* **PROBLEM**:
The required output is the exact run of lines below that opens at the line with "Oh yeah, baby." and closes at the line with "Relax your shoulders, relax".

* **THE DATA**:
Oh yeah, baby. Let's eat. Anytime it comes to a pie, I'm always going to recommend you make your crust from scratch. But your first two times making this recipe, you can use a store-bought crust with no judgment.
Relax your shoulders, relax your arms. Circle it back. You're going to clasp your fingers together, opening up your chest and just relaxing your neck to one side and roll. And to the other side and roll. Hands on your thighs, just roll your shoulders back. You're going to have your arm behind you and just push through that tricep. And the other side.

--

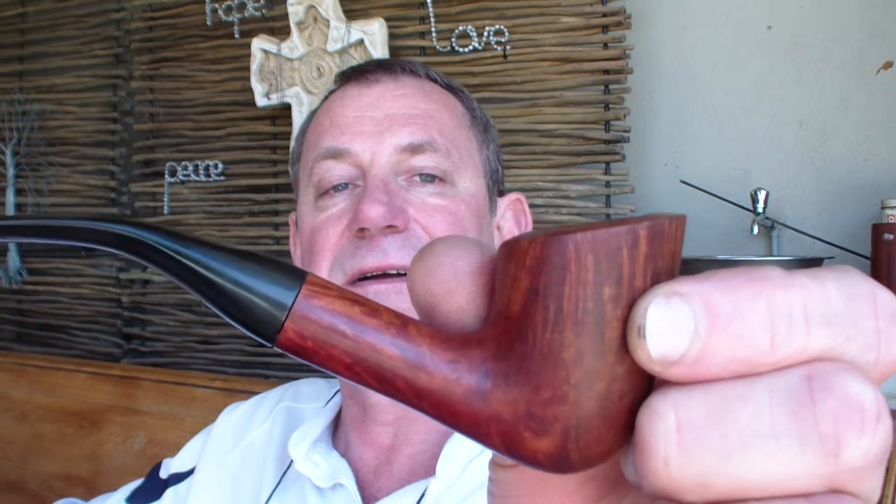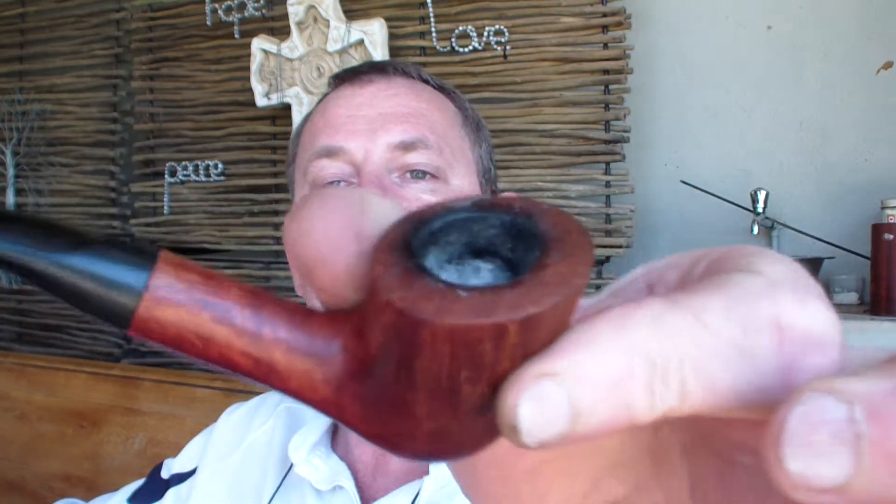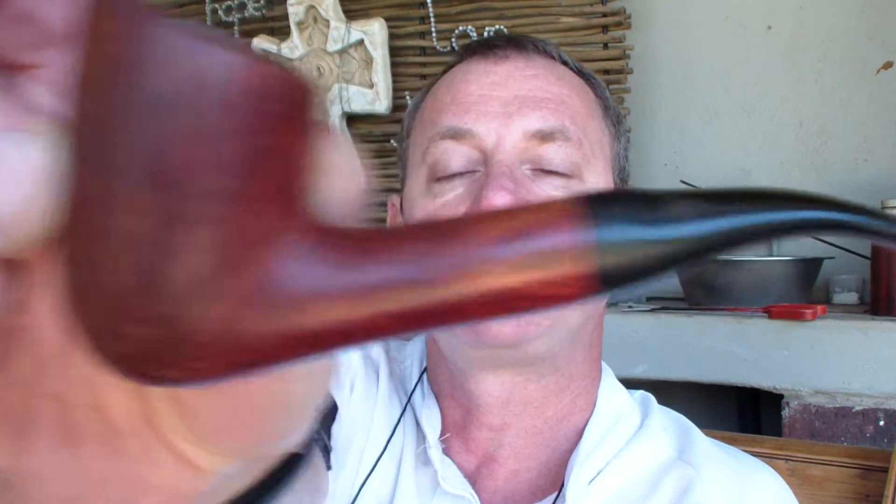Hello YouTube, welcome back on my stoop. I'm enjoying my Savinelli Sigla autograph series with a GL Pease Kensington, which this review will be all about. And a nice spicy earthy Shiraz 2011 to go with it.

--

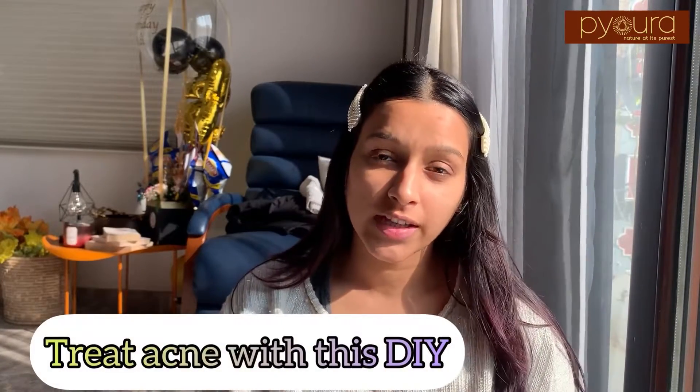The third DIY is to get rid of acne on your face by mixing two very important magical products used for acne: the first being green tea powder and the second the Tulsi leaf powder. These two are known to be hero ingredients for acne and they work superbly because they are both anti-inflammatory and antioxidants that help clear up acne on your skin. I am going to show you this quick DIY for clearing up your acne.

* **SOLUTION**:
Oh yeah, baby. Let's eat. Anytime it comes to a pie, I'm always going to recommend you make your crust from scratch. But your first two times making this recipe, you can use a store-bought crust with no judgment.
Relax your shoulders, relax your arms. Circle it back. You're going to clasp your fingers together, opening up your chest and just relaxing your neck to one side and roll. And to the other side and roll. Hands on your thighs, just roll your shoulders back. You're going to have your arm behind you and just push through that tricep. And the other side.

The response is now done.